Karl's Komputerized Kitchen

    When last we met, we were discussing how to get our Atari to understand instructions presented to it in normal English sentences-natural-language communication with the computer. The software that gives the computer the ability to at least partially understand natural-language input is called a "parser." The parser, as we discovered, has three principal functions: to break (or parse) the user's input into individual words and numbers; to search for these words in a preset vocabulary list; and to determine if a valid instruction has been entered and take appropriate action.
    We chose as an example of naturallanguage communication a hypothetical kitchen of the future: Karl's Komputerized Kitchen. In this dream kitchen, we simply have to tell the computer what ingredients to combine and how to cook them, and the automated kitchen will do the rest. (My fiancee thinks this is the greatest idea since take-out pizza.)While I haven't yet connected my Atari to my Mixmaster, we can at least think about how we'd like to communicate with this komputerized kitchen.
    Last time we focused on the second function of the parser, the act of looking up words from the user's command in a vocabulary list. A sample BASIC program was included to build a small vocabulary file with ordinary cooking kinds of words: FLOUR, SUGAR, BAKE, PREHEAT, STIR, and so on. Each word is assigned a number, or "token," to make it easier to handle the program logic when we get to the stage of trying to make sense out of the user's input. Synonyms, such as BUTTER, MARGARINE and SHORTENING, all have the same token. For simplicity, our vocabulary contains only words with all uppercase letters, and only exact matches to vocabulary words will be accepted. This rules out misspellings or plural forms, but it keeps our sample program simpler.
    Whereas the core of the previous column was an assembler routine for searching the vocabulary list for a specific word, today's program is written entirely in Atari BASIC. It illustrates the other two functions of a full-parser program. I called the initial step of splitting the user's input into words and numbers a "preprocessor" function. After preprocessing, the machine-language routine we looked at last time is used to look for individual words and assign tokens to them. Step 3 is to evaluate the tokenized input and see if it makes any sense, in the context of what the computer has been programmed to "understand." If we are skillful, the result will be a simple BASIC program that appears to be remarkably intelligent.


Erratum
    We begin with a minor correction to Listing 1 from last time. This was program VOCAB.BAS, which created the VOCAB. DAT vocabulary file.

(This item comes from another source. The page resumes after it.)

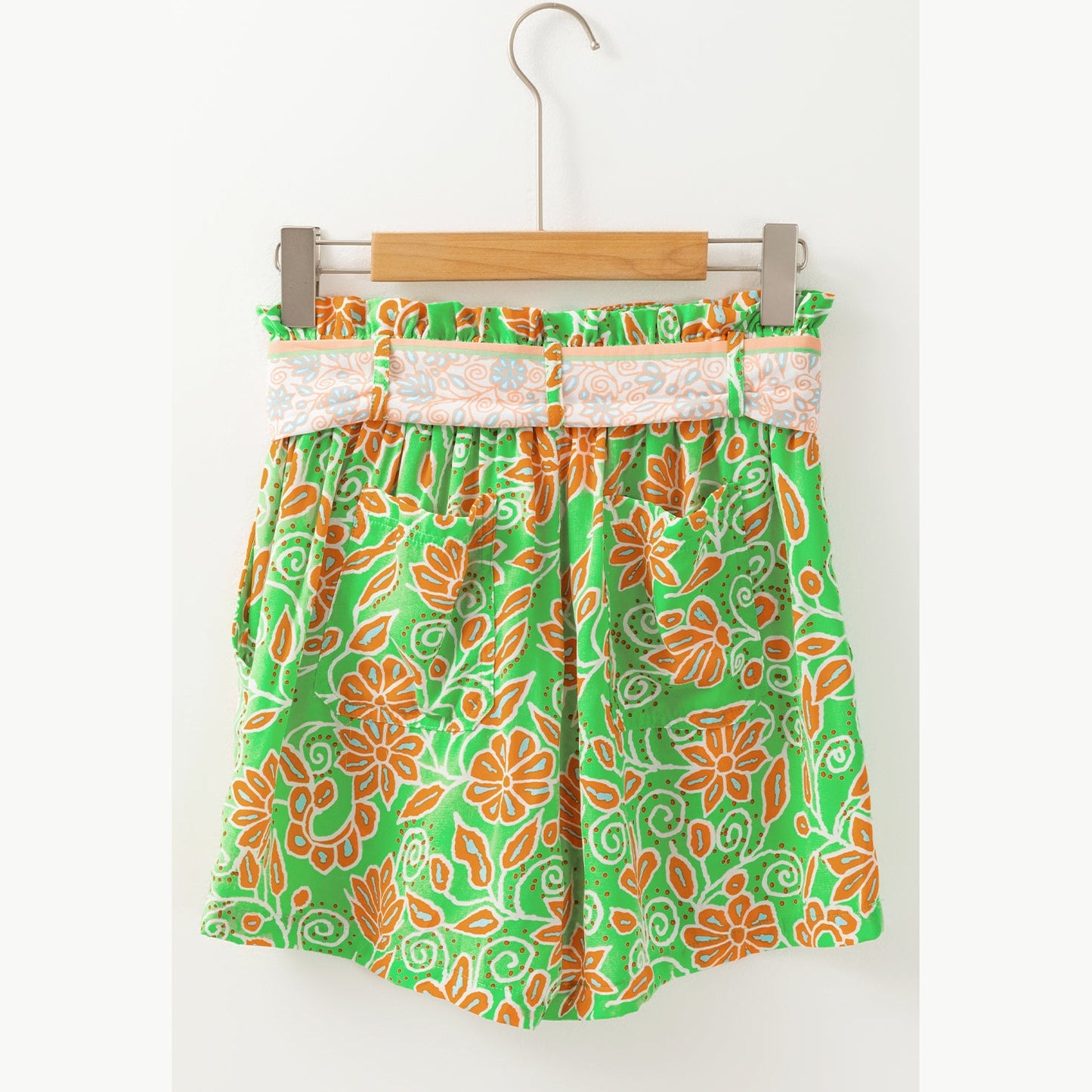 REDUCED!!! Chanin Green Floral Print Pocketed Front Knot High Waist Casual Shorts REDUCED!!!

In Line 1070, please change the number following the word "DEGREES" to a 33. You may recall that these numbers are the tokens assigned to each vocabulary word. Rerun this program to create a new VOCAB.DAT file before proceeding further. Sorry about that.




Recipe Rules
    Before getting too deep into the code, we'd better establish some ground rules for the komputerized kitchen program. First, I want to limit the number of commands entered before you can throw the pot into the oven to a maximum of ten. As valid commands are entered, I'll save them in a string pseudo-array and write them at the top of the screen before prompting for the next command. You'll have to preheat the oven to the desired temperature before baking your mixture. And the final command will be to bake whatever you have thrown together, no matter how disgusting it may appear.
    Our vocabulary is rather limited for a full-blown automated kitchen, but this program should at least illustrate the power of a parser program. A real application program would of course include other useful terms in the vocabulary, such as "HELP" and "QUIT." I've omitted such user aids for conciseness, but don't ever leave these important functions out of an actual program!
    As we parse each entered command, any words or numbers identified will be printed on the screen. This way you can watch as the computer tries to make sense out of whatever you tell it to do.
    There are four classes of meaningful words that a user could enter in a command in this program. First is the name of an ingredient. The VOCAB.BAS program showed that ingredients have tokens in the numeric range of 0-19. Instructions have tokens in the range of 20-29. Units associated with cooking time or temperature have tokens in the 30s. And units associated with ingredients have tokens in the 40s. Also, each command entered in this particular program must contain a number, to indicate the amount of an ingredient to add, a preheating temperature, or a cooking time.


Warming Up
    In brief, our preprocessing function will separate words in the input string by looking for blank (space) characters in the command. As each word is isolated, it will be looked up in the vocabulary list. If the first character in a word is in the ATASCII range for a digit from 0-9, that entire "word" is considered to be a number, and a separate processing routine is used. Note that this method won't handle numbers that begin with either a minus sign (hyphen) or a decimal point (period), but it could be changed easily to accommodate these.
    Please turn your attention to the BASIC program in Listing 1. At first glance, this program may appear to contain a lot of spaghetti code, what with all the GOTOs, but I think it's better than it looks. Before we go any further, let's define what some key variables in this program represent.

VOCAB$- entire vocabulary data string.
TEMP$- temporary variable for reading from VOCAB. DAT.
WORD$- target word being searched for in VOCAB$.
PARSED$- command entered by user after removing unrecognized words.
ML$- machine-language code for the parser.
IN$- command string entered by user.
NUM$- string representation of any number present in the command entered.
A$- temporary variable.
INSTR$- string pseudo-array of valid instructions entered so far.
PREHEAT$- flag for whether oven is preheated or not.
NINS- number of valid commands entered so far.
AMOUNT- numeric form of number in NUM$.
INGRED- token value of any ingredient in command entered.
INSTRUCT- token value of any instruction in command entered.
TIMETEMP- token value if units for cooking time or temperature were included in command entered.
UNITS- token for ingredient units included in command entered.
BAKETEMP- cooking temperature entered in a BAKE or COOK command.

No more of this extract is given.